England's favourite bleached-blond Police man breezed into the Charlotte Coliseum Friday night, bringing his dream of blue turtles and jazzy-pop to a scanty crowd of about 6,000.

After eight years as bassist, singer and main songwriter for the million-selling pop trio the Police, Sting is making his first solo tour with four standout jazz musicians.

Sting steamed through nearly two hours of exciting music, backed by Miles Davis sidemen Darryl Jones on bass and Kenny Kirkland on keyboards, former Weather Report drummer Omar Hakim, New Orleans sax man Branford Marsalis (brother of Grammy-winning trumpeter Wynton Marsalis) and backup vocalists Dollette McDonald and Janice Pendarvis.

'Shadows in the Rain', a soul-jazz remake of a Police tune off the 'Zenyatta Mondatta' album, kicked off the show as a herd of teenagers rushed the stage screaming.

Dressed in baggy white pants and a white pin-striped jacket, Sting handled guitar chores while roaming up and down a tall staircase fitted with raised platforms for drum kit and keyboards.

As if to win the crowd over with the familiar before venturing onto new turf, the group followed up with the Police's 'Driven to Tears' - complete with a raucous jam in which Jones joined Sting for some fancy footwork at the edge of the stage.

Once band members got down to business with the bluesy 'Consider Me Gone', they ran through almost every tune from Sting's jazz-flavoured solo album 'The Dream of the Blue Turtles', which is No. 2 this week on Billboard's album chart.

Sting's grainy voice was rich with melancholy on 'Children's Crusade', a song drawing parallels between World War I soldiers and young drug users.

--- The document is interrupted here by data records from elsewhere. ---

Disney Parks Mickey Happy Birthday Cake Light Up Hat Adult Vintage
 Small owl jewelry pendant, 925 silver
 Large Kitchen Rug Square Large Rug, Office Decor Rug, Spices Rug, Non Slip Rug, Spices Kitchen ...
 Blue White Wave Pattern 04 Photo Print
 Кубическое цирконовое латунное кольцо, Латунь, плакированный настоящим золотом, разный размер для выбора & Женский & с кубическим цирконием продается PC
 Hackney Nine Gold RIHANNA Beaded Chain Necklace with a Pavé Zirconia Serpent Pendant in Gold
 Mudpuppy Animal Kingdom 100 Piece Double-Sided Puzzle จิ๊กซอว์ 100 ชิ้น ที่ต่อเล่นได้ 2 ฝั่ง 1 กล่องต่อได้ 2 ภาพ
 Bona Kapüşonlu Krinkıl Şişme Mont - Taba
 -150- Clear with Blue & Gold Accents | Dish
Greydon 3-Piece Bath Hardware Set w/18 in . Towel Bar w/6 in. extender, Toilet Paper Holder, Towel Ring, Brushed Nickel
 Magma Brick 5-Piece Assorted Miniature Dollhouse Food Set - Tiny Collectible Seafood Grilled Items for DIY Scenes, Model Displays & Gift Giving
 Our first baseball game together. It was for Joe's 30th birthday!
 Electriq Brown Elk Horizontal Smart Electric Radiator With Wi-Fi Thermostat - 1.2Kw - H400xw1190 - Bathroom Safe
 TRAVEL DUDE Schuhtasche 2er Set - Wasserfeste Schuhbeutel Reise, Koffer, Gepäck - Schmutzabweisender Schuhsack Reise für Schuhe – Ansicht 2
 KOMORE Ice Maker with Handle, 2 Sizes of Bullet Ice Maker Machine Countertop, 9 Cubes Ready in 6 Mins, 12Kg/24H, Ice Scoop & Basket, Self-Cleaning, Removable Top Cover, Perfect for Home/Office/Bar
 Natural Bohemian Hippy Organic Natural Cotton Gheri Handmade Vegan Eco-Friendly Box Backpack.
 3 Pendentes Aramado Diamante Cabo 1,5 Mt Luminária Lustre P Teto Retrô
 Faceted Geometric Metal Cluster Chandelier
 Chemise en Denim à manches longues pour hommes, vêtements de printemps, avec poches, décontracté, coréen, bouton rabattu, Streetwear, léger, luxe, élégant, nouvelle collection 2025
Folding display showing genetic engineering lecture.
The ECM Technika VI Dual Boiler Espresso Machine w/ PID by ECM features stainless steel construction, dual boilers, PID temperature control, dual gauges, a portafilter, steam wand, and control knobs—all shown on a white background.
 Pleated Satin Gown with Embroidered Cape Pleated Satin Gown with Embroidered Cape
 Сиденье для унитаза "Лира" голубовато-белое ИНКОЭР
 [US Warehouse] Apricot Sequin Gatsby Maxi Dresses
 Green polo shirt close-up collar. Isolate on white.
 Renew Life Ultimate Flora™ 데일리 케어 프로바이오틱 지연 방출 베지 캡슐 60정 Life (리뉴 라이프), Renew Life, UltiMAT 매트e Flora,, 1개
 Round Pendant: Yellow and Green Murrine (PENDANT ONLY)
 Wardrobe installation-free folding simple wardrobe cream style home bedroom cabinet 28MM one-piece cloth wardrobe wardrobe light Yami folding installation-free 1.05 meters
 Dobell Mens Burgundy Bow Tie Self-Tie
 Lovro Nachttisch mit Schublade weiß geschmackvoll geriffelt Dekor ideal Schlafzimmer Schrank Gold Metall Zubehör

The loping, reggae beat of 'Love Is The Seventh Wave' carried a more urgent, pleading vocal.

It was refreshing to hear the band in a looser, more free-and-easy groove than what comes across on the album. Everyone seemed more willing to stretch - as when band members added an expanded rhythmic fullness to 'We Work The Black Seam', one of the high points of the evening.

The crack jazz players have helped Sting successfully reach beyond his Police work into a jazzier pop mode that's accessible enough to keep 14-year-olds singing along while still offering some challenging music. Solos by Marsalis and Kirkland were particularly engaging.

Marsalis's soprano sax took on eerie shades of Hitchcock during 'Moon Over Bourbon Street', and Kirkland's keyboards were cool and swirling one minute, steaming with soul the next. The Jones-Hakim rhythm team kept things moving in style. Hakim even managed to create real emotional tension with a drum solo during 'I Burn For You' - something no arena rock drummer I've seen could ever dream of doing.

Though the crowd reserved its wildest response for the Police tunes - the encore of 'Every Breath You Take' was enough to get everyone on their feet - 'Fortress Around Your Heart' and many of the other new tunes were obviously familiar to all. It was all the ushers could do to keep the mostly teenage crowd near the stage seated. At one point, kids came pouring over the seats behind me - trying to dodge ushers for a closer look at their idol.